With great fanfare, iOS 5 was unveiled at the WWDC 2011 in San Francisco today. One of the notable features announced - among many others like iMessage which marks, in more ways then one, the end of the widely popular Blackberry's BBM - is the takeover by Twitter of the email function in iOS 5.
So far, pretty much anywhere on iOS stock apps, a button to share a screen, link or photo via email was never far away. Well as of this fall, email will no longer be the lone iOS link to the outside world from your idevice... Make some room, email, and say hello to my new little friend: Twitter!
If Facebook has conquered the web with its "like" button, Twitter is not content just following suit with a mirroring "Tweet" button; it is also conquering the very tools we all use to access the Web. But iOS 5 is not Twitter's first pass at flirting with and embedding itself in a tool.
Firefox has already said 'yes' to Twitter by providing a very neat add-on that allows you to not just type a @username in the search bar and get the corresponding Twitter profile automatically, but also allows you to type a #hashtag in to automatically get all tweets tagged with that hashtag.
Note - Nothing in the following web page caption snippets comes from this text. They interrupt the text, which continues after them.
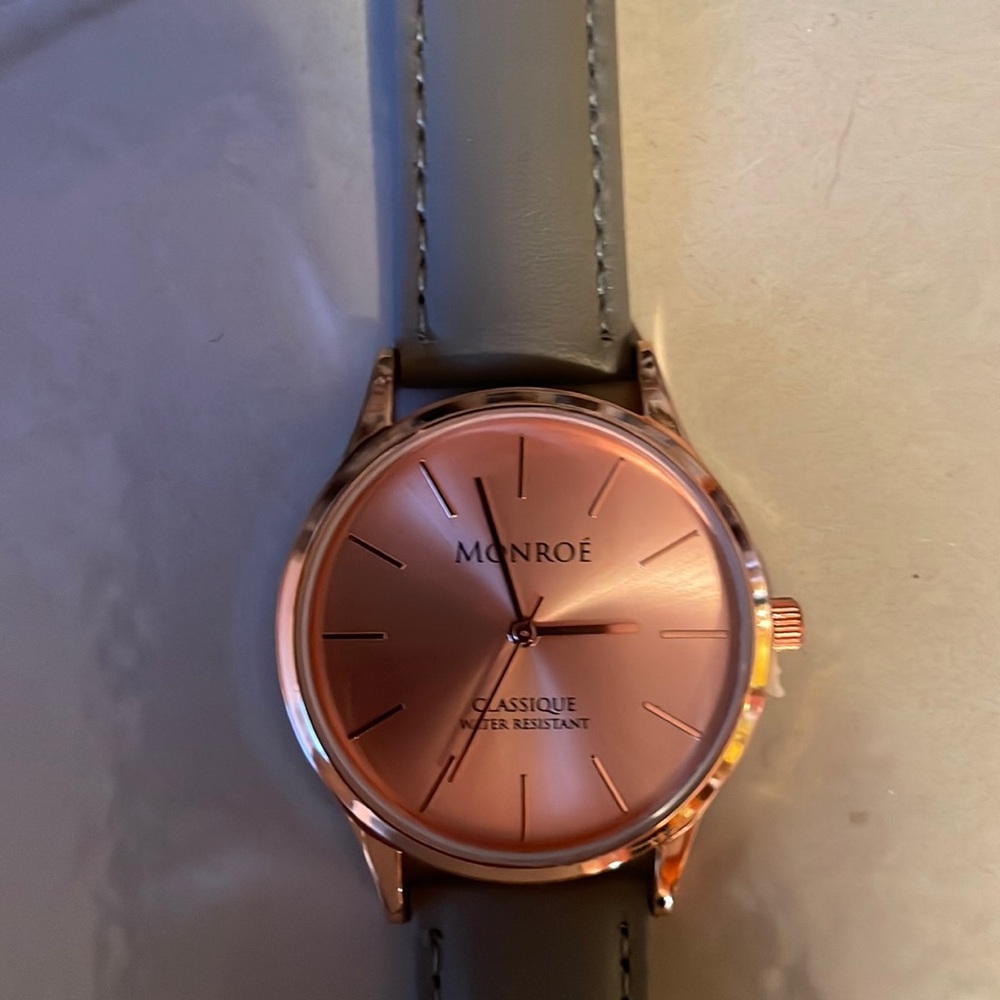 Brand new Monroe watch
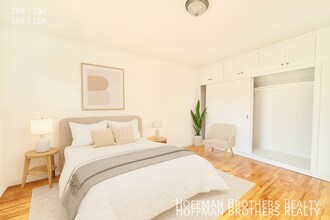 11153 1/2 La Maida St in Los Angeles, CA - Foto de edificio - Building Photo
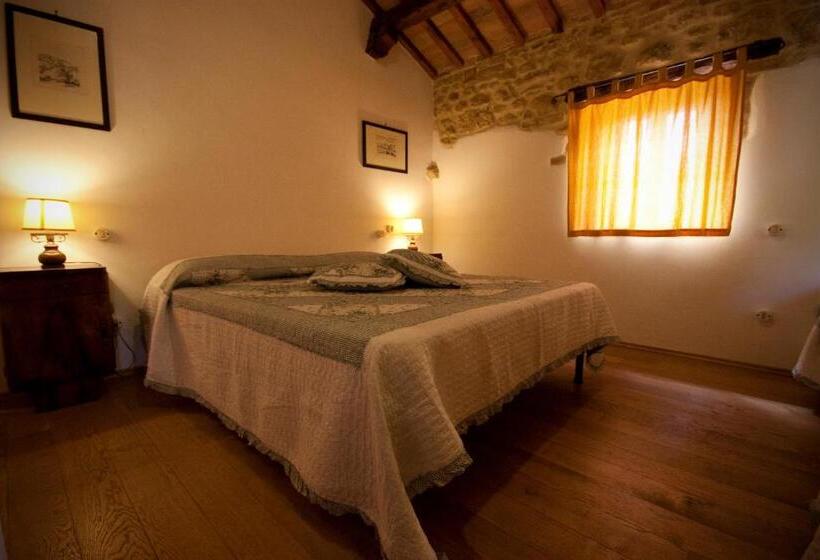 اتاق استاندارد سه نفره, Pietra Antica Agriturismo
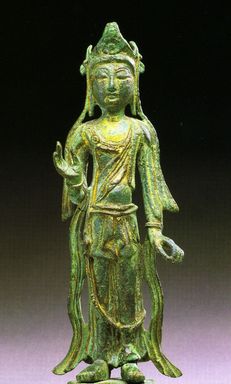  <em>Figure of Standing Bodhisattva Avalokiteshvara</em>, 7th century. Gilt bronze, height: 8 1/2 in. (21.6 cm). Lent by the Carroll Family Collection, L2018.6.17 (Photo: , CUR.L2018.6.17.jpg)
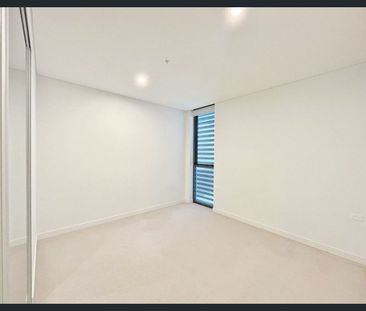 Nearly New Two bedroom Apartment Plus Study For Leasing - Photo 2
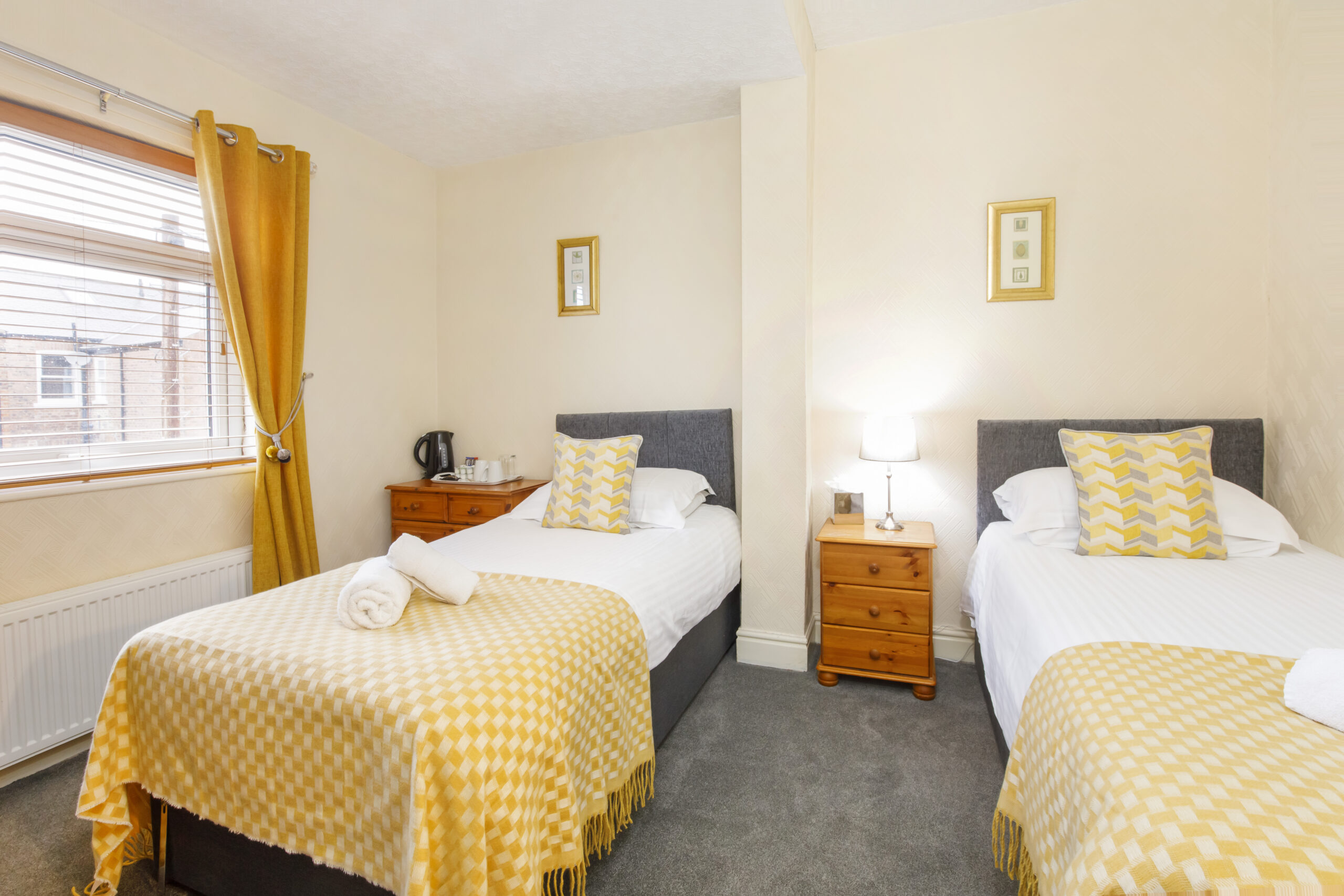St Mary’s Guest House - Twins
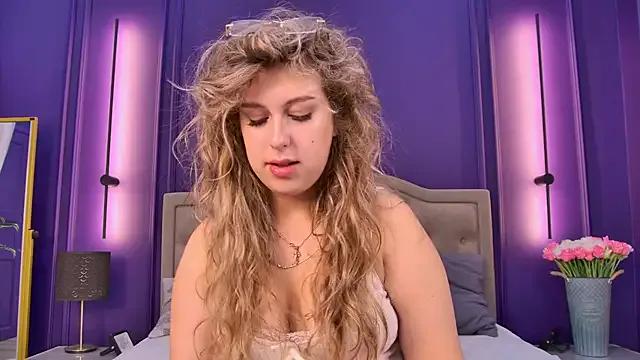 Lillian_Dyson from StripChat is Freechat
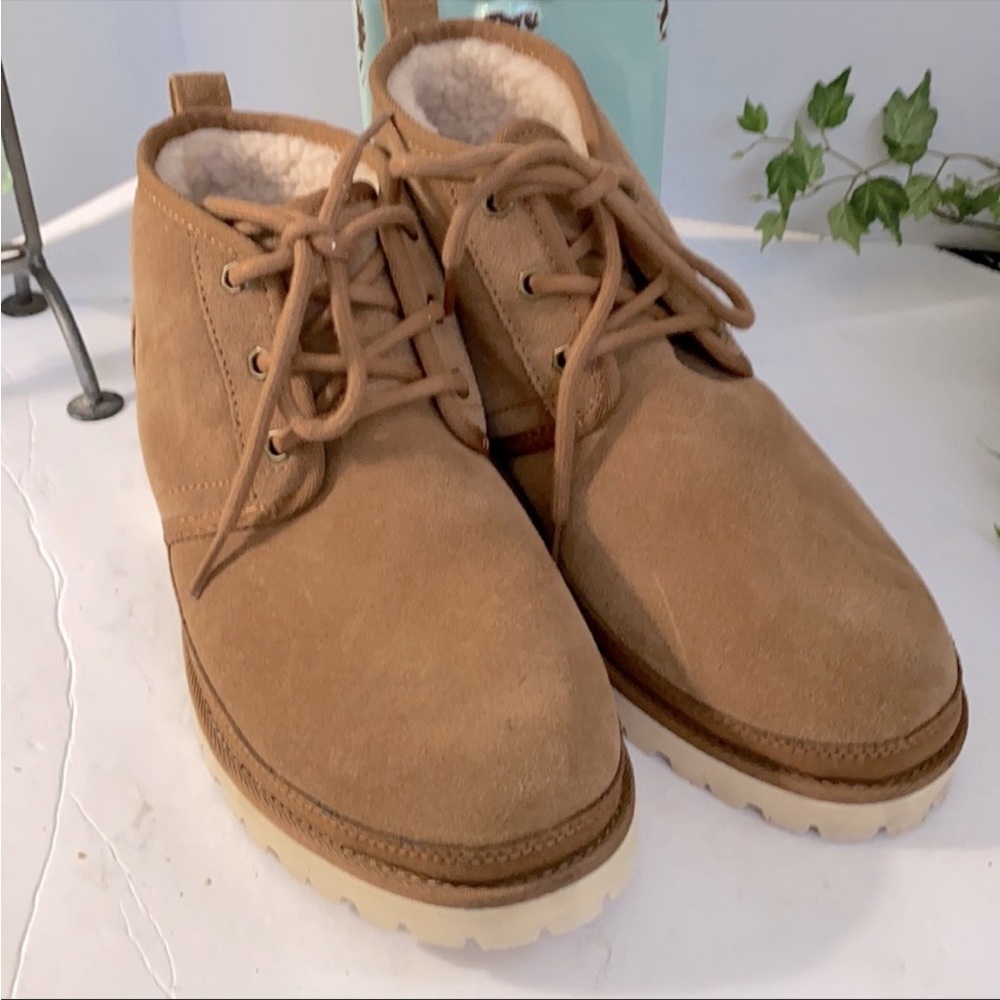 UGG Neuland Suede and Wool Water Repellent Low Lace Up Boots. Men 7.5 women 9.5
If you use Firefox, you can get Twitter's official add-on here. Do note in passing, that this Twitter move will add to the list of casualties it has already caused. Take a look at Twitpic, Twitvid and other Firefox tweeting helpers while they're still alive. It's not just for kicks that Twitter has taken advantage of the launch of its very own photo and video sharing service (in partnership with photobucket) to push the use of hashtags, and is going so far as to suggest that a hashtag is worth more words than a picture: 1,000,000 to be exact.
All clear signs that Twitter is, in my mind, going about conquering the web a bit more smartly - some might say insidiously - than Facebook, who has yet to show such 'physical' integration with the tools we use to access the web everyday.
What do you think of Twitter's approach? Why do you think Facebook has not adopted a similar tack?
... Not that it probably won't soon now.